Open mold composite (OMC) body panels, comprising three thermosetting layers, warp significantly after removal from the mold. Due to an asymmetric layup of these laminates, a residual stress develops due to chemical shrinkage of the gel coat resin during cure. The resulting bending moment distorts the panel. This work first develops a finite element model (FEM) to calculate panel deformation based on the chemical shrinkage and mechanical properties of the laminated panel. The FEM is then validated by a direct comparison with the measured distortion of door-outer panels produced using a conventional panel-shaped mold. This FEM is then integrated into an algorithm to calculate a mold shape that corrects for this distortion.
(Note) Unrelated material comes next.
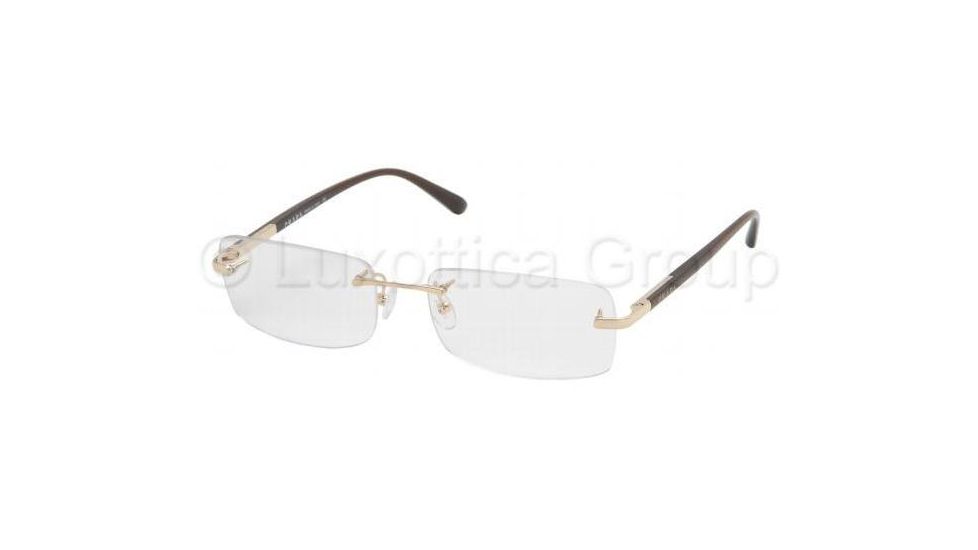 Prada Eyeglasses PR69LV with No-Line Progressive Rx Prescription Lenses 5AK1O1-5516 - Shiny Gold 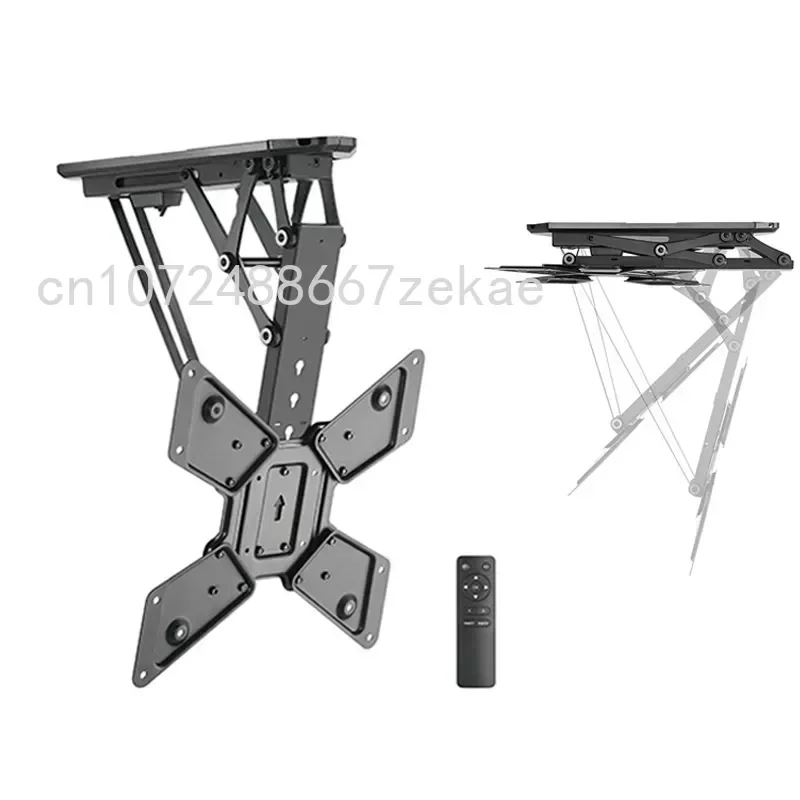 

23-55 inch TV Bracket Electric Lift Ceiling Smart Remote Control Foldable Hide Holder Adjustable Tilt Swivel Angle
Starting with a mold duplicating the desired panel shape, the initial panel deformation is calculated using the FEM. Trial molds are then generated by partial inversion of the deformed panel's deviation from the desired shape. The algorithm is iterated until it converges to a corrective mesh that deforms to the mesh of the desired shape of the panel. A corrective mold for a door-outer panel is fabricated and the effectiveness of the corrective mold is evaluated by measuring the distortion of the door-outer panels it produces. Compared to the panels produced by the conventional mold, the corrective mold reduces panel distortion by 45%.